Ein Praktikum wird stets empfohlen

Ganz besonders empfohlen für Lehrstellensuchende werden Praktika. „Es gibt einige Bewerber, die haben falsche Vorstellungen“, sagt Schaaf. Hier zeige die Praxis am besten, was wirklich erwartet und gefordert werde – und ob man Freude an der Tätigkeit habe. Die nicht selten artikulierte Meinung, dass das Niveau der Bewerber im Vergleich zu früher eher abnehme, kann Schaaf nicht bestätigen: „Die Qualität hat sich nicht signifikant geändert.“ Mittlerweile werde immer mehr digital kommuniziert, typische Fehler in diesem Bereich seien unter anderem Mails ohne Anschreiben, die kommentarlos verschickt würden. Auch die Handwerkskammer setzt immer mehr auf digitale Angebote: Virtuelle Ausbildungsmessen, Speed-Datings oder ein Lehrstellenradar sollen bei der Berufswahl helfen.

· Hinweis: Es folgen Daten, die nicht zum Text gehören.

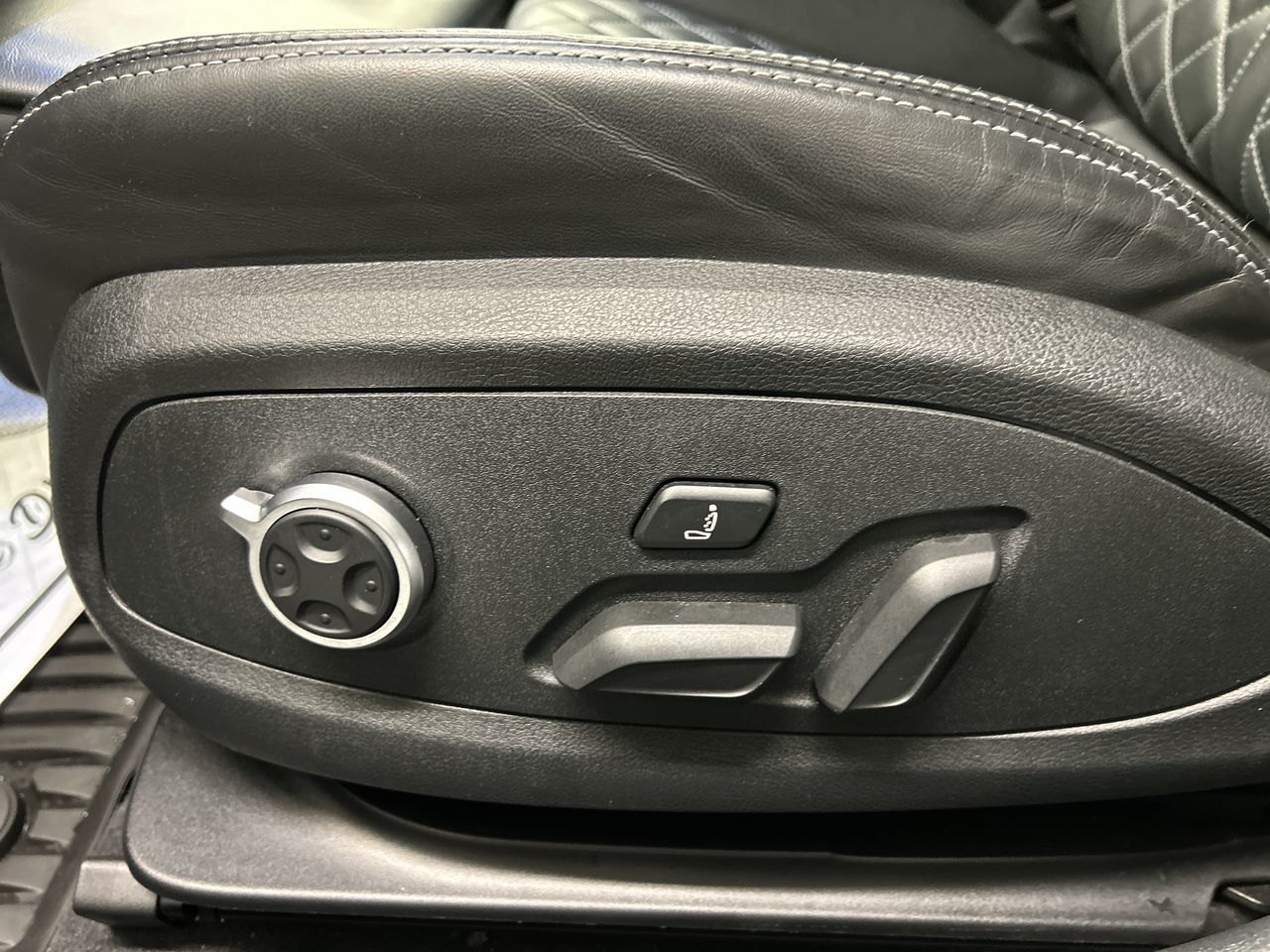 Audi S5 Sportback  2024 à Thornhill, Ontario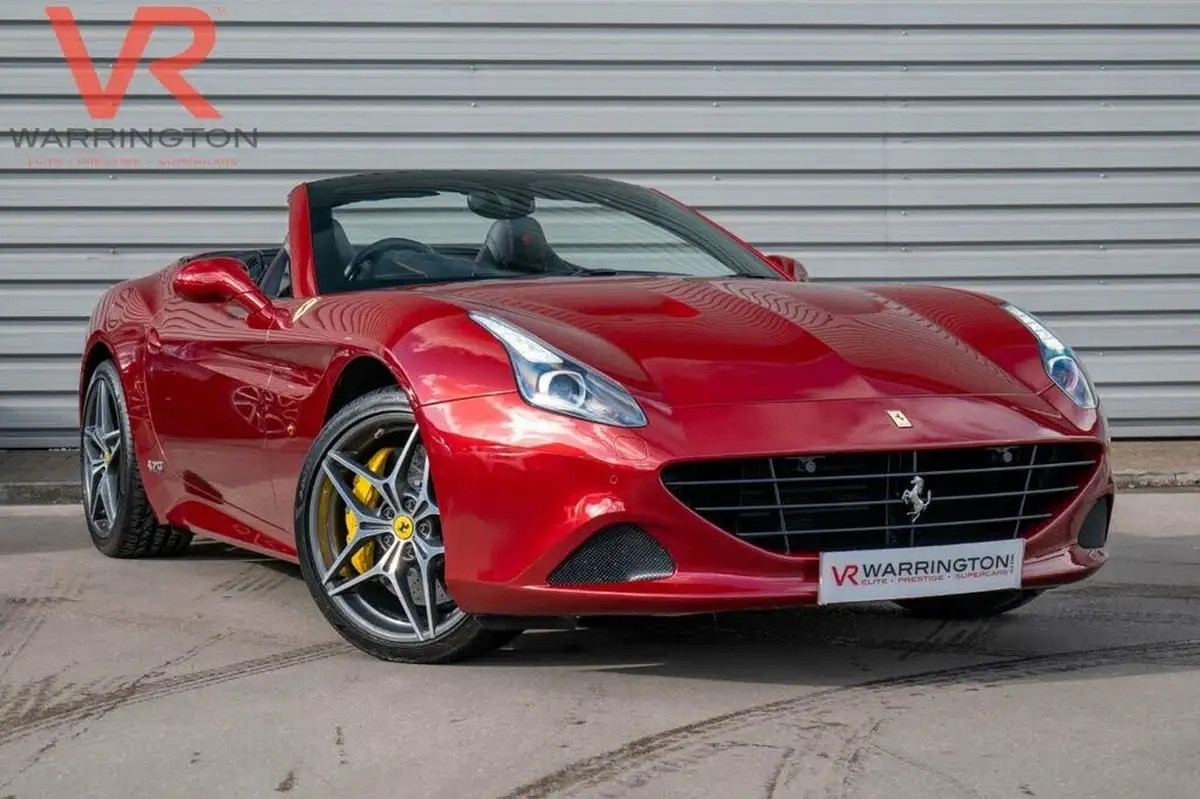 2014-ferrari-california-39-t-big-0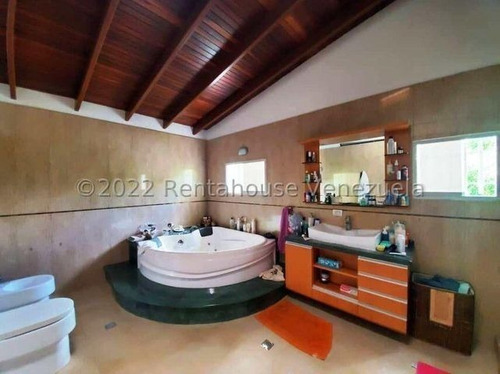 Imagen 27 de 28 de Cumbres De Curumo Casa En Venta 22-17345 04242091817---04126761534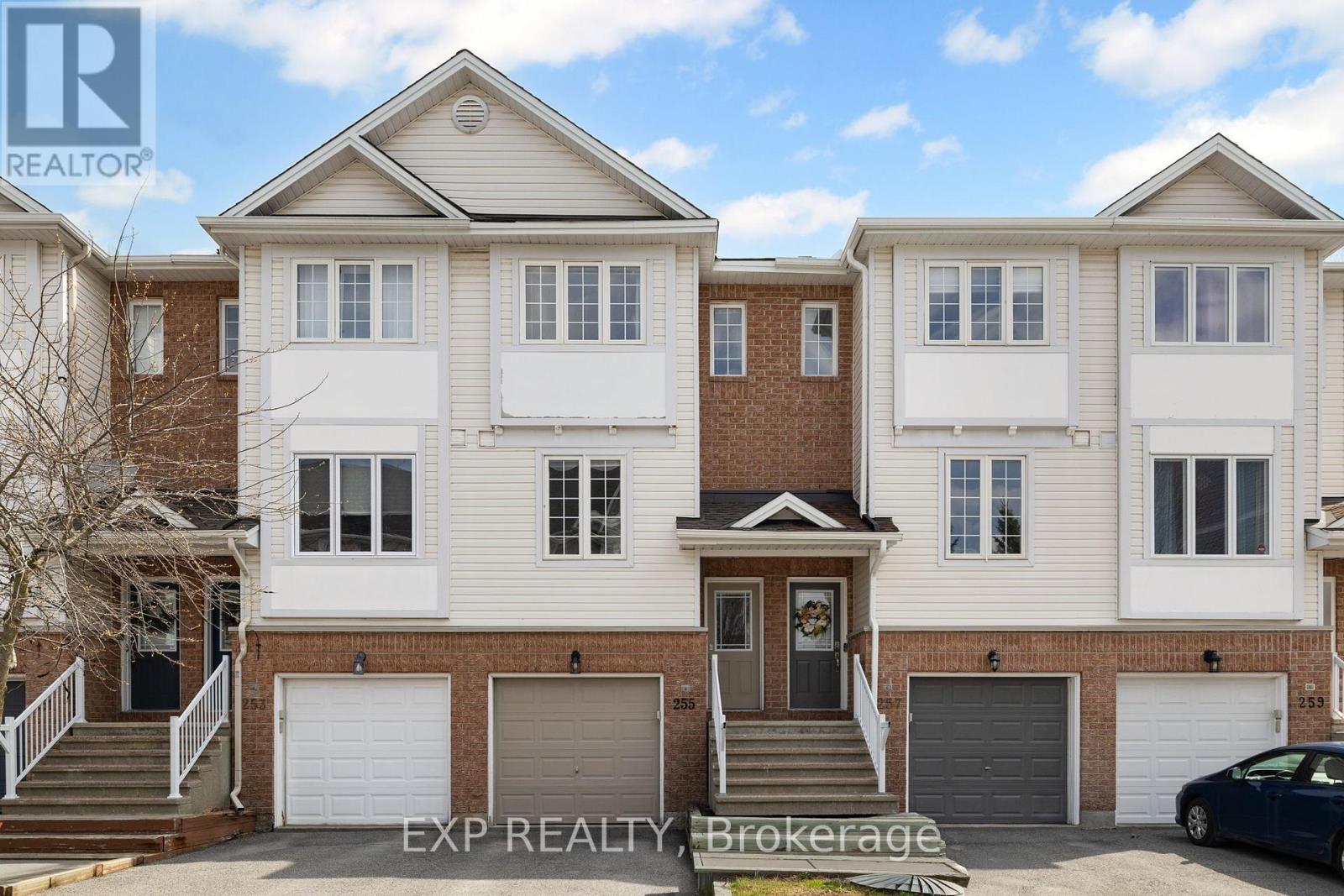 255 Gershwin Private, Ottawa, Ontario  K2H 1G5 - Photo 45 - X13039494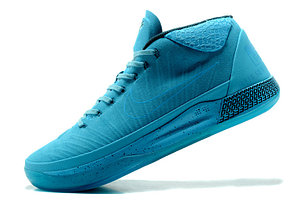 Баскетбольные кроссовки Nike Kobe XIII 13 A.D. "Blue", фото 2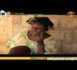"Mayacine Ak Dial" du 10 Octobre 2012 - SenTV
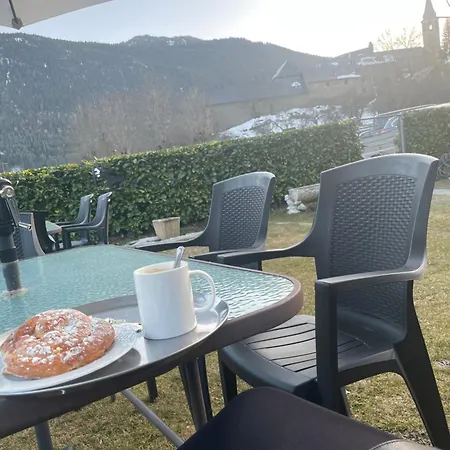 艾斯奎斯旅馆 招待所 2*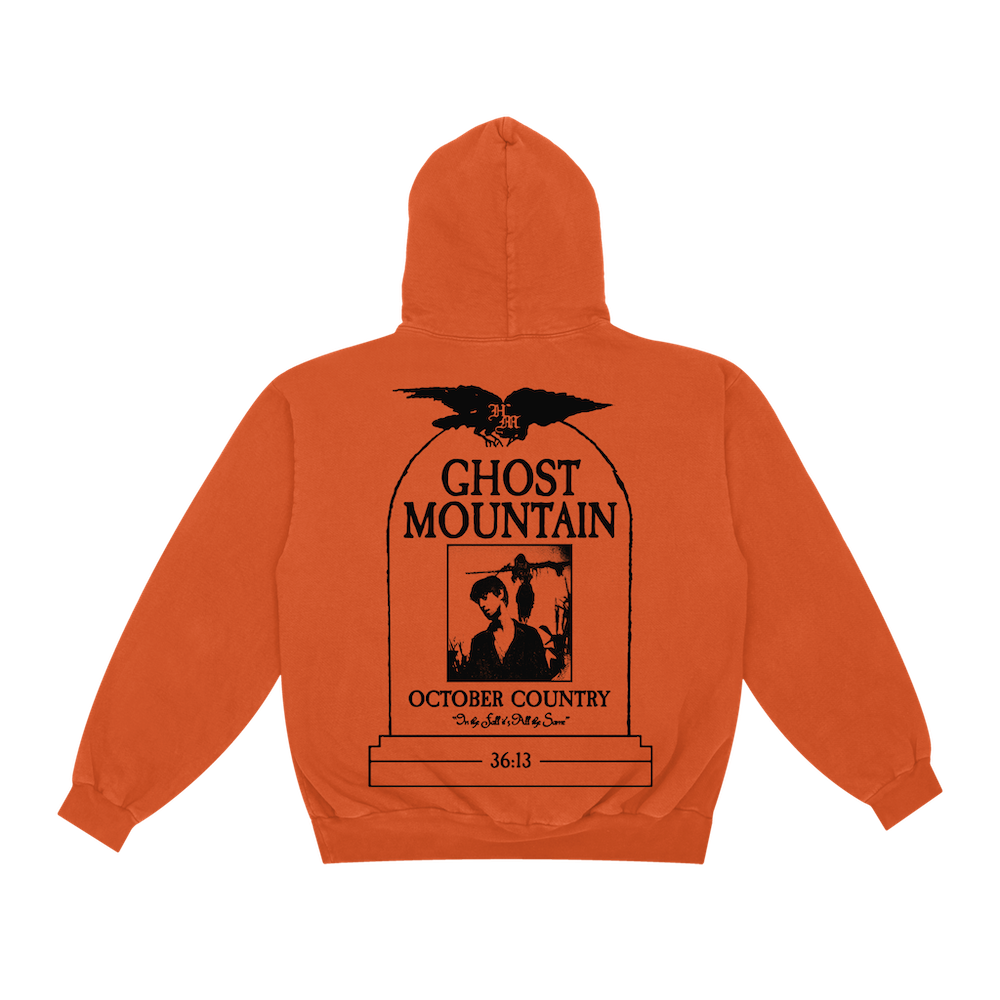 0b0745dd63cdf4ca135ce421cb7df69c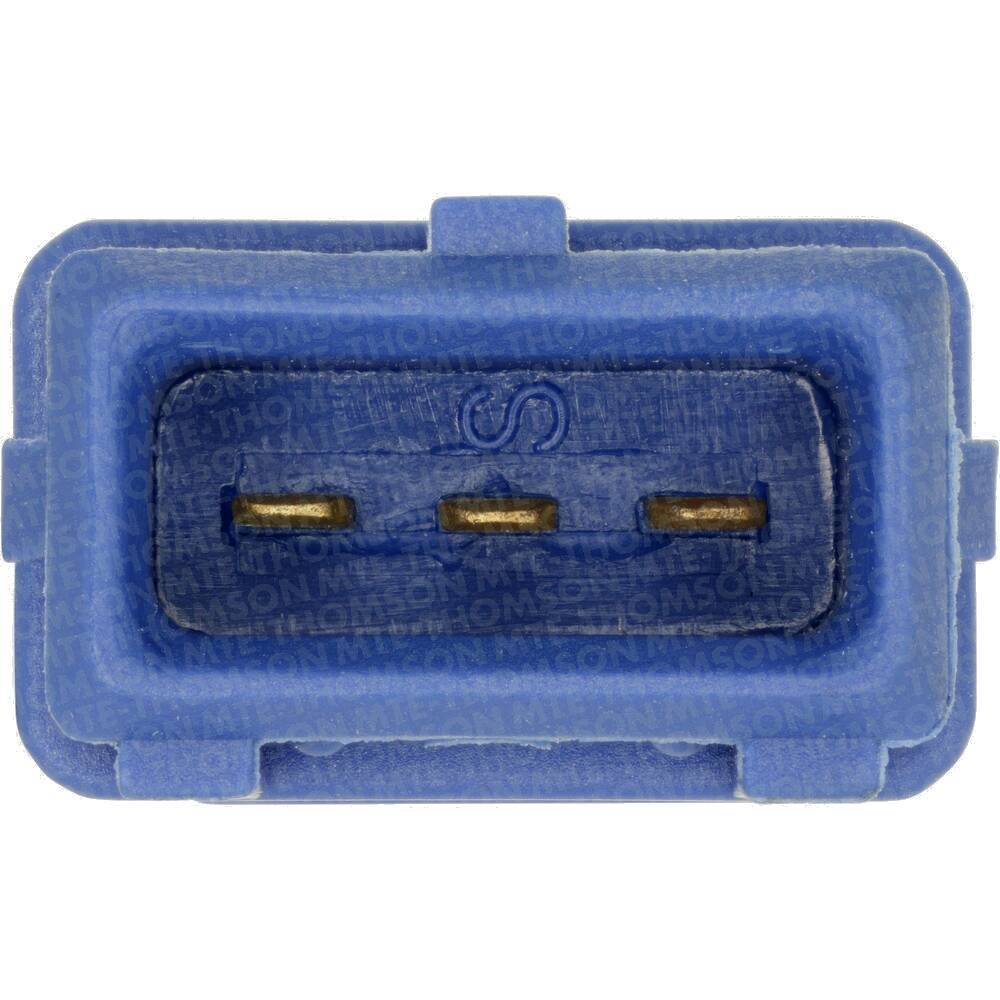 Sensor de Detonação - MTE - 7010 - (3)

Wegen der Coronapandemie mussten Praktikumsangebote oder Werbeaktionen an Schulen einige Zeit komplett entfallen. So konnte in Zuffenhausen die Bildungspartnerschaft mit der Park-Realschule erst später gestartet werden. „Wir möchten aktiv auf das Handwerk aufmerksam machen“, sagt Schaaf. Den jungen Leuten solle vermittelt werden, dass Handwerksberufe wichtig für die Gesellschaft seien und gute Entwicklungsmöglichkeiten böten. Ein gute Hilfe ist für sie dabei die gemeinnützige Initiative „Joblinge“, bei der sich Wirtschaft, Staat und Privatpersonen engagieren, um junge Menschen mit schwierigen Startbedingungen bei der Suche nach einem Ausbildungsplatz zu unterstützen.

Nicht nur relativ unbekannte Berufe, sondern auch Bäcker oder Fleischer haben Nachwuchssorgen. Sehr gut sieht es in der Region laut Kistenfeger hingegen bei Kfz-Mechatronikern, Anlagentechnikern sowie in den Bereichen Sanitär oder Elektronik aus. Manchmal habe die Entwicklung freilich nicht mit den einzelnen Sparten zu tun, sondern mit der Konjunktur: So habe der Bauboom dafür gesorgt, dass heuer 16 Prozent mehr Ausbildungsverträge bei den Maurern abgeschlossen wurden.